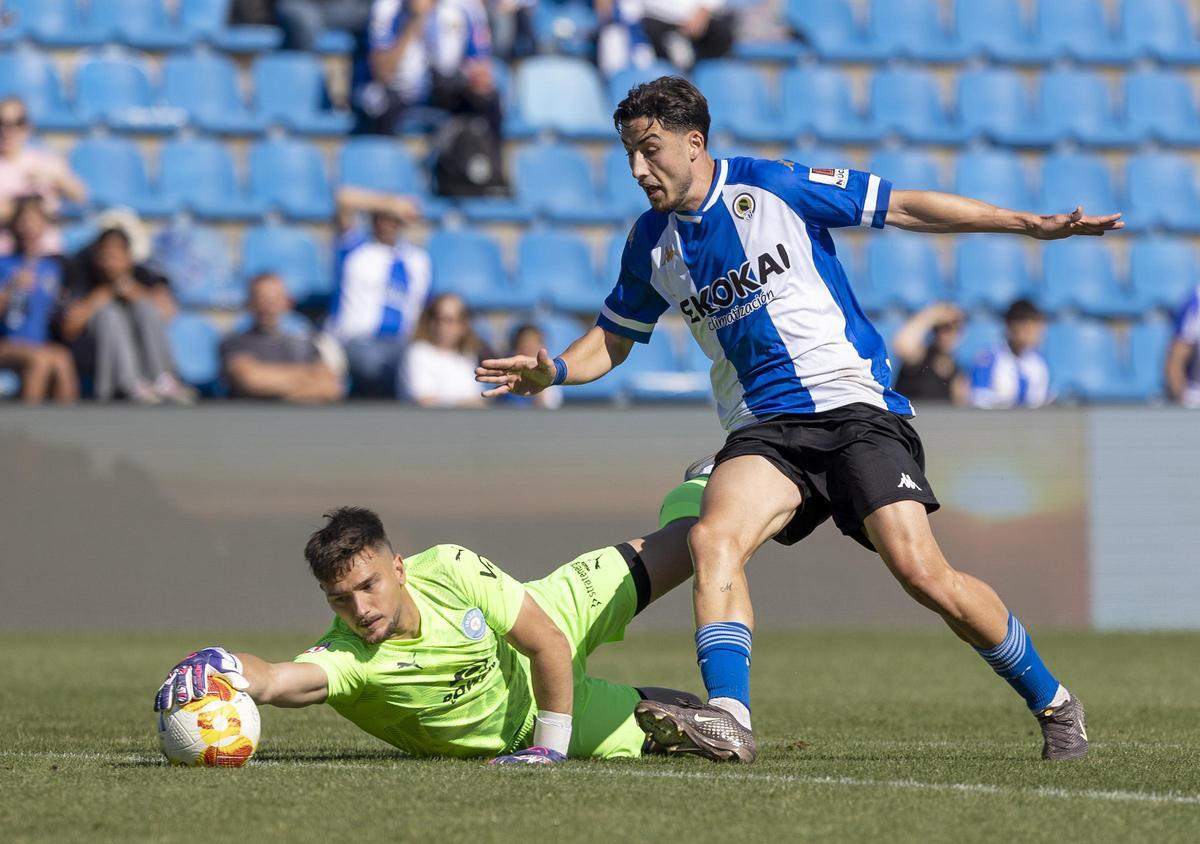 Unai Ropero intenta llegar al balón mientras el portero del Ibiza, Juan Ramírez, se lanza para desactivar la jugada.
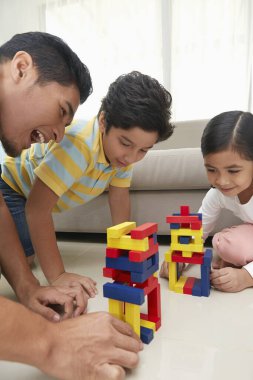 Neşeli baba çocuklarıyla oynuyor.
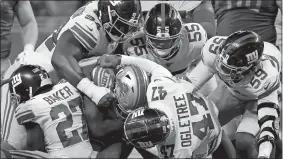  ?? PAUL SANCYA/AP PHOTO ?? Detroit Lions running back Tra Carson (34) is stopped by the New York Giants defense during Sunday’s game at Detroit.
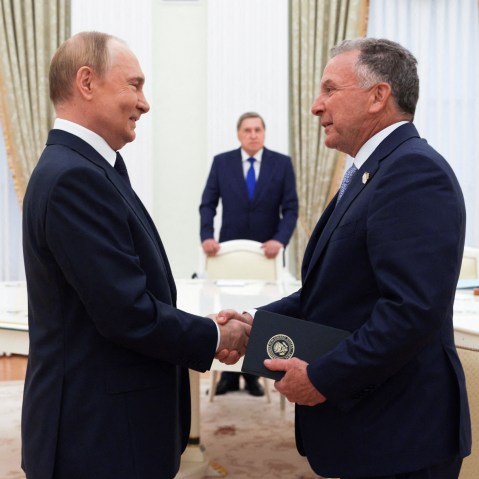 Vladimir Putin, left, shakes hands with Steve Witkoff.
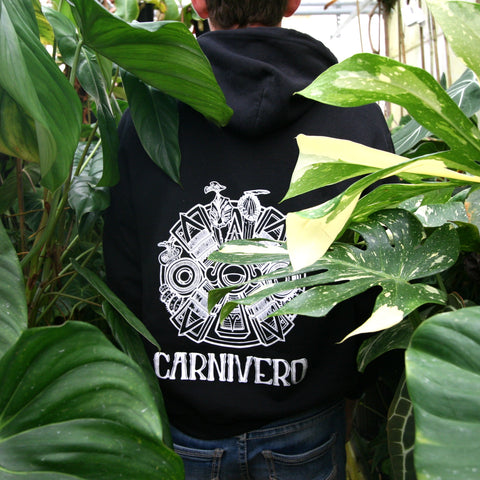 Back view of a person wearing a black hoodie with a white Carnivero logo among large tropical leaves
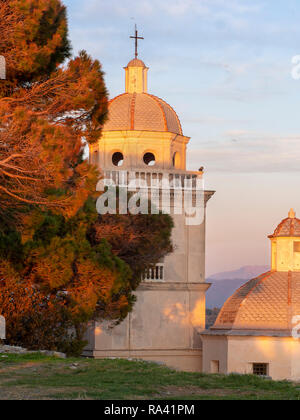 San Lorenzo bell tower and dome, Portovenere, Liguria, ITaly. Beautiful winter evening sunset. Stock Photo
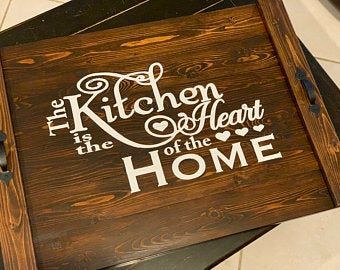 a wooden sign that says kitchen is the heart of the home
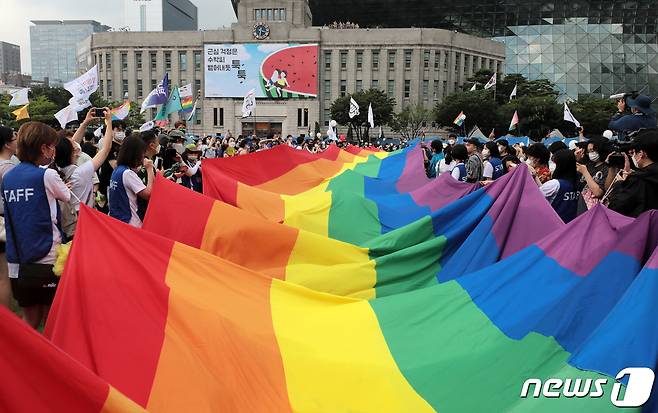 16일 서울광장에서 열린 서울퀴어문화축제를 찾은 시민들이 무지개 깃발이 펼쳐지자 환호하고 있다. 2022.7.16/뉴스1 © News1 조태형 기자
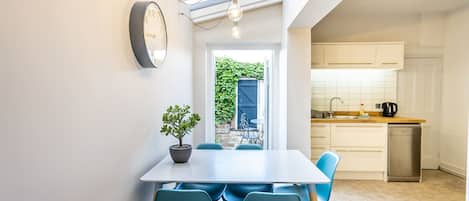 A modern kitchen with white cabinets, a sink, and a dishwasher. There is a dining area with a table and chairs, and a potted plant on the table.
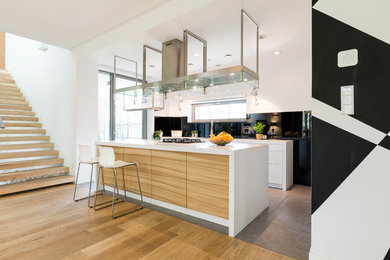 Kitchen - large modern ceramic tile and gray floor kitchen idea in Los Angeles with an undermount sink, white cabinets, black backsplash, an island and white countertops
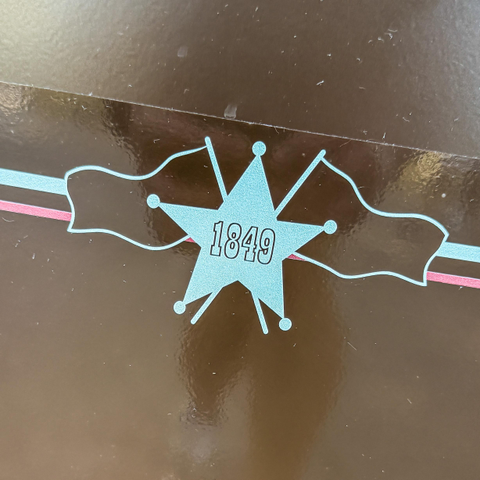 An image featuring a white star with the number "1849" in the center, flanked by two decorative banners, all set against a glossy brown background.
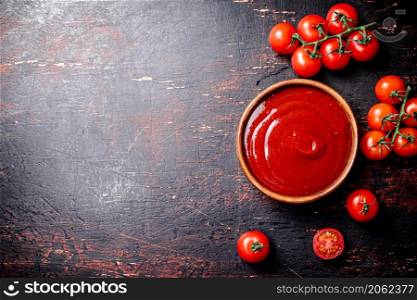 Tomato sauce in a wooden plate. On the dark background. High quality photo. Tomato sauce in a wooden plate.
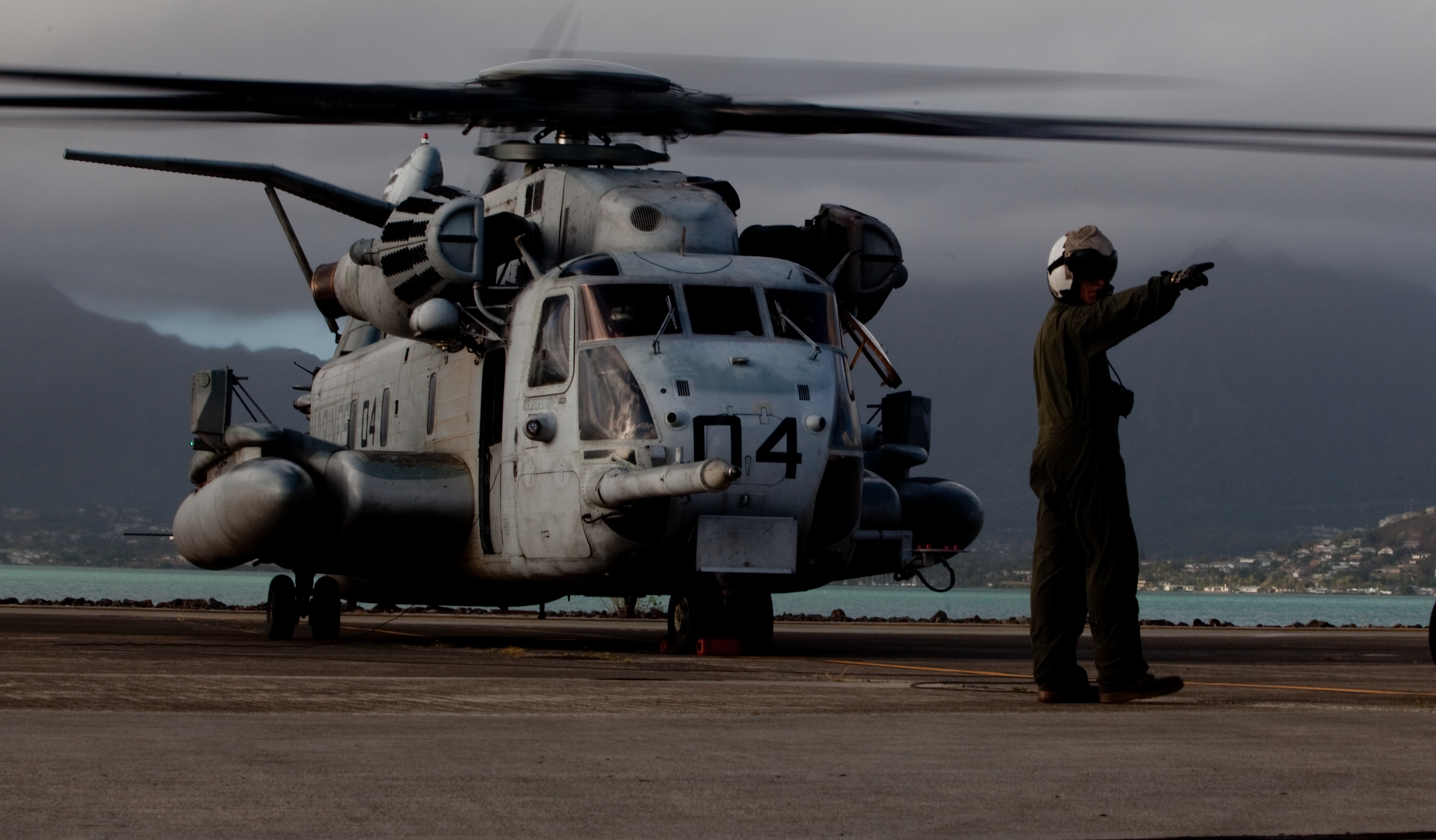 A Marine with Marine Heavy Helicopter Squadron 463 taxis a CH-53E Super Stallion onto the flight line at Marine Corps Air Station, Kaneohe Bay on Feb. 21, 2012. US Marine Corps photo.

# Goal of the exercise:
Although pictures appear among the entries, please set down only the lines from the one with "Vladimir Putin, left, shakes" up to and including the one with "Kitchen - large", word for word.

# Expected answer:
 Vladimir Putin, left, shakes hands with Steve Witkoff.
 Back view of a person wearing a black hoodie with a white Carnivero logo among large tropical leaves
 San Lorenzo bell tower and dome, Portovenere, Liguria, ITaly. Beautiful winter evening sunset. Stock Photo
 a wooden sign that says kitchen is the heart of the home
 16일 서울광장에서 열린 서울퀴어문화축제를 찾은 시민들이 무지개 깃발이 펼쳐지자 환호하고 있다. 2022.7.16/뉴스1 © News1 조태형 기자
 A modern kitchen with white cabinets, a sink, and a dishwasher. There is a dining area with a table and chairs, and a potted plant on the table.
 Kitchen - large modern ceramic tile and gray floor kitchen idea in Los Angeles with an undermount sink, white cabinets, black backsplash, an island and white countertops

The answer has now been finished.